By guest blogger TRACEY
Last Thursday, we teamed up with environmental not-for-profit organisation Red Rose Forest to show pupils from Thames Primary Academy School in Blackpool about the benefits of growing – and eating – home grown fruit and veg. Red Rose Forest have helped the pupils to create an allotment as part of the Big Lottery Fund’s Local Food Project and we ran a cookery lesson using fresh produce plucked from the plot.
When your critics are made up of 30 lively and opinionated children, you know you’ve achieved success when each one says ‘thank you’ for the session. Although not all were great fans of our now infamous quesadilla recipe, stuffed with refried beans and served with a cold salsa and sour cream, they each appreciated that they were being introduced to new ingredients and had been taught some useful cooking skills.
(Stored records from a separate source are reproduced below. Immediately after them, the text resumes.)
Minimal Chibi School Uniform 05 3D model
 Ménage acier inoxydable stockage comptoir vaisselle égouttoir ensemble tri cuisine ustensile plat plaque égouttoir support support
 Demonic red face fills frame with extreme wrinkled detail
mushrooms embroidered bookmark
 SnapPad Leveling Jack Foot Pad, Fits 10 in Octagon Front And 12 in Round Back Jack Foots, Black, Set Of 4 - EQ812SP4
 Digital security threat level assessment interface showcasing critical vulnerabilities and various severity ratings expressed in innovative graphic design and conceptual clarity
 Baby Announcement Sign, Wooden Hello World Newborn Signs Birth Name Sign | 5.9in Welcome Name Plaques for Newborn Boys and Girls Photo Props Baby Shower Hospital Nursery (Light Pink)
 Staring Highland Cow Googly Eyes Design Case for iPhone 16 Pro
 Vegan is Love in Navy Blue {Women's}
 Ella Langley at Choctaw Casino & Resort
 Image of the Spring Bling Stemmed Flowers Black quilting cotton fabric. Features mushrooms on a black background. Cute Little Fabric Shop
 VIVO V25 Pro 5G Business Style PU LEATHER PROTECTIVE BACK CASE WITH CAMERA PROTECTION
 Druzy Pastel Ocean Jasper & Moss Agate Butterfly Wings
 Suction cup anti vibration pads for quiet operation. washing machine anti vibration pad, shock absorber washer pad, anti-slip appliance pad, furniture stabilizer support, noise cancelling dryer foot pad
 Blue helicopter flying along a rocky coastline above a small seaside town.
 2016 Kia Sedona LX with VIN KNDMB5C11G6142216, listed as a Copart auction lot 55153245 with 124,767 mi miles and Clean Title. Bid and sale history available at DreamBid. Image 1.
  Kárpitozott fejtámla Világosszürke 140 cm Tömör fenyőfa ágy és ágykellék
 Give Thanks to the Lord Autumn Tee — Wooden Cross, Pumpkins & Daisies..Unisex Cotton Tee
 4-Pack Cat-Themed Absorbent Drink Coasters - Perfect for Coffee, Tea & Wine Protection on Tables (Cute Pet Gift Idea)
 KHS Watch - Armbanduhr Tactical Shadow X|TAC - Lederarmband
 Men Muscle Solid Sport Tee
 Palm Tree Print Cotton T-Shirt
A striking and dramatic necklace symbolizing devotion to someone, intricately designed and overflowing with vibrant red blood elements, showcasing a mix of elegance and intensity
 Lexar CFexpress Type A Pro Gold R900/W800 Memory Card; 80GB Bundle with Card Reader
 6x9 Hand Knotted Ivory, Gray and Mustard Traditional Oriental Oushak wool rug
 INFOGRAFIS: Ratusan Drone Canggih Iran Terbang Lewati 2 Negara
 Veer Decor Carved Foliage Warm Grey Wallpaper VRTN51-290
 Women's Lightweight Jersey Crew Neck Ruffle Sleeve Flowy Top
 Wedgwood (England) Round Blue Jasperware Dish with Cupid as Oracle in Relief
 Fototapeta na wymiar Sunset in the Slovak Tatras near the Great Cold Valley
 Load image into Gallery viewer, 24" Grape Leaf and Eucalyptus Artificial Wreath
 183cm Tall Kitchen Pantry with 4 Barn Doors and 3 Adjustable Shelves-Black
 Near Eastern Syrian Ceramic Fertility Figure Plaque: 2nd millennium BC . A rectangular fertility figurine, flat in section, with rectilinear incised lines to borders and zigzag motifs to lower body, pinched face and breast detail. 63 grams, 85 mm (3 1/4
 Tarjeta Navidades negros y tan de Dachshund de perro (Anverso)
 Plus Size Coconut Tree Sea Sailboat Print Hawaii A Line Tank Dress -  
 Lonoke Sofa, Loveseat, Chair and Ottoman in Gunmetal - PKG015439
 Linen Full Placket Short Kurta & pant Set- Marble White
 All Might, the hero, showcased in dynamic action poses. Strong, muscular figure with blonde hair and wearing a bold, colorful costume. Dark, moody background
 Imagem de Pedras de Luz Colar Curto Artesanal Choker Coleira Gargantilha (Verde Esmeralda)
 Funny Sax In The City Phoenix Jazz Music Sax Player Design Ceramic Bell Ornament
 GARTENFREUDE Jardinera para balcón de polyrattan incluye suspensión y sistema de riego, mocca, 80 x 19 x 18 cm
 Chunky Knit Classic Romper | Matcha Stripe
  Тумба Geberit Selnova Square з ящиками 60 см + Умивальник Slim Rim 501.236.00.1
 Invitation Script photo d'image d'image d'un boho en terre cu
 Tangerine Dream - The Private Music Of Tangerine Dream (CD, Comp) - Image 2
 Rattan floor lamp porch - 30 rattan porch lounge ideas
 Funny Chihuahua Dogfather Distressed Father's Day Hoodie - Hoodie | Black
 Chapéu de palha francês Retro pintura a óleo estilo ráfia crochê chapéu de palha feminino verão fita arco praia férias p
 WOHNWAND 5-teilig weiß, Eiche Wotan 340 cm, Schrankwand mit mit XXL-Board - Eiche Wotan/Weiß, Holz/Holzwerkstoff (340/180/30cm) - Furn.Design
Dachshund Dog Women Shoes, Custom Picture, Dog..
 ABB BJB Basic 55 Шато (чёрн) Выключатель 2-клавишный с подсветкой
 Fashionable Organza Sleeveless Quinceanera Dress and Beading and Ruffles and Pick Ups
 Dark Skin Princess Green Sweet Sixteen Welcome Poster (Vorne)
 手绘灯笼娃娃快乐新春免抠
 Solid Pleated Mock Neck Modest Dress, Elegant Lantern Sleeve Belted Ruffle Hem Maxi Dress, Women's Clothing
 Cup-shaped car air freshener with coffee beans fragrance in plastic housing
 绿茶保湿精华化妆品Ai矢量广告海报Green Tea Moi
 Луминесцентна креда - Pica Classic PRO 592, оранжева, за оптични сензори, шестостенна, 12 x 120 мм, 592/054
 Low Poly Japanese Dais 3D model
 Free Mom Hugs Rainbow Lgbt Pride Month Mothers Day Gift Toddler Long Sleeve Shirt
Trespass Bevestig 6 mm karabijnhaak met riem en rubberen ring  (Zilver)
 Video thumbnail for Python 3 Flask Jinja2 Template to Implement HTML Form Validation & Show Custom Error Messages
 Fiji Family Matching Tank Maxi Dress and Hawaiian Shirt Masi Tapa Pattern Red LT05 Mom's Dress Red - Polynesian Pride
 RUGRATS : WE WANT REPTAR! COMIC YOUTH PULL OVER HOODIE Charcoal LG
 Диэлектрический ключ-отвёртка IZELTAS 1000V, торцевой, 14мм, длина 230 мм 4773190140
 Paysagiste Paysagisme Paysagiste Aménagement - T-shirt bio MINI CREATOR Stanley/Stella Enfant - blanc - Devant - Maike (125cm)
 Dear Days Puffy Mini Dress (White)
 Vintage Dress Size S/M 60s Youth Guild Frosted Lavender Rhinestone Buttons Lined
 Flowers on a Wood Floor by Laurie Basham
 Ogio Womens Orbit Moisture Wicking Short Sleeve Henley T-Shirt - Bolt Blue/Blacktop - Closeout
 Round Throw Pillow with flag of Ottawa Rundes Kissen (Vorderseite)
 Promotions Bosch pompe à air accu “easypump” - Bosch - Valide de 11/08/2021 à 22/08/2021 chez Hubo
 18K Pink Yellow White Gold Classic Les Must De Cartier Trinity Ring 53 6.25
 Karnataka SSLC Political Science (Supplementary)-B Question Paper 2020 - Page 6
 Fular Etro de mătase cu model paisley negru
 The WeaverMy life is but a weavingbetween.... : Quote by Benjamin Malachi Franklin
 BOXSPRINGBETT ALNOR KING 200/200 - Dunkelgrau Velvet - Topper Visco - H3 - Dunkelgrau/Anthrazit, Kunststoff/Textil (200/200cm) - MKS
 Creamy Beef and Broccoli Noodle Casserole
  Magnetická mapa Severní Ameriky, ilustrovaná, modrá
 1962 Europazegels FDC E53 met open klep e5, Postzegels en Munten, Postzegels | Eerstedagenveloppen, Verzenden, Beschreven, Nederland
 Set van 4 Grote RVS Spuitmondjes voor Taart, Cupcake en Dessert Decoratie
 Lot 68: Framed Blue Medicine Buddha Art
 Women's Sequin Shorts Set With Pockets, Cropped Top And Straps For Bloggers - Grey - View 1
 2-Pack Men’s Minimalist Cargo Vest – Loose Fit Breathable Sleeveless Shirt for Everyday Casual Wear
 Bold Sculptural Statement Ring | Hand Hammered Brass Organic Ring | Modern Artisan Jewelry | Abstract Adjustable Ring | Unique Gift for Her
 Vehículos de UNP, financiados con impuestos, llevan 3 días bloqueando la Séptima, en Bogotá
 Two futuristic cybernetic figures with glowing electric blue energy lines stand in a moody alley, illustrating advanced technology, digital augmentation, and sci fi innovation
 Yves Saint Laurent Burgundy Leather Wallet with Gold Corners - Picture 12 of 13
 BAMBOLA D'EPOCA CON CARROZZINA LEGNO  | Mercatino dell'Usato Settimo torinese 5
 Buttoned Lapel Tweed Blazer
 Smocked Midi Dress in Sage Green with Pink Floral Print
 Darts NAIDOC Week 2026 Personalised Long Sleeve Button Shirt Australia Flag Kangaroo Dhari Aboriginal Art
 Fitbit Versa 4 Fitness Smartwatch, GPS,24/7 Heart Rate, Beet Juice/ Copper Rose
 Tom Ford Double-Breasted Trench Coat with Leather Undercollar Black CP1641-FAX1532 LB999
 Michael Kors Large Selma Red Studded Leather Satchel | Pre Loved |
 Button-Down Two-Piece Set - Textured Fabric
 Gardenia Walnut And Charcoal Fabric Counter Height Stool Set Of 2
Many had never held a knife before, used a masher or grated up cheese, but this didn’t stop them from being keen – all wanting to smell the herbs and spices and try the dish… even if onions weren’t their thing! We never get dispirited when met with unwillingness to try because the participants always take something (knowledge and skills) away, which they can always apply to other dishes. Still, it did raise a smile knowing that this young chap went away fully satisfied: “Best I’ve ever had, I enjoyed the session and the food – I had two plates,” said Marcus from Year 6.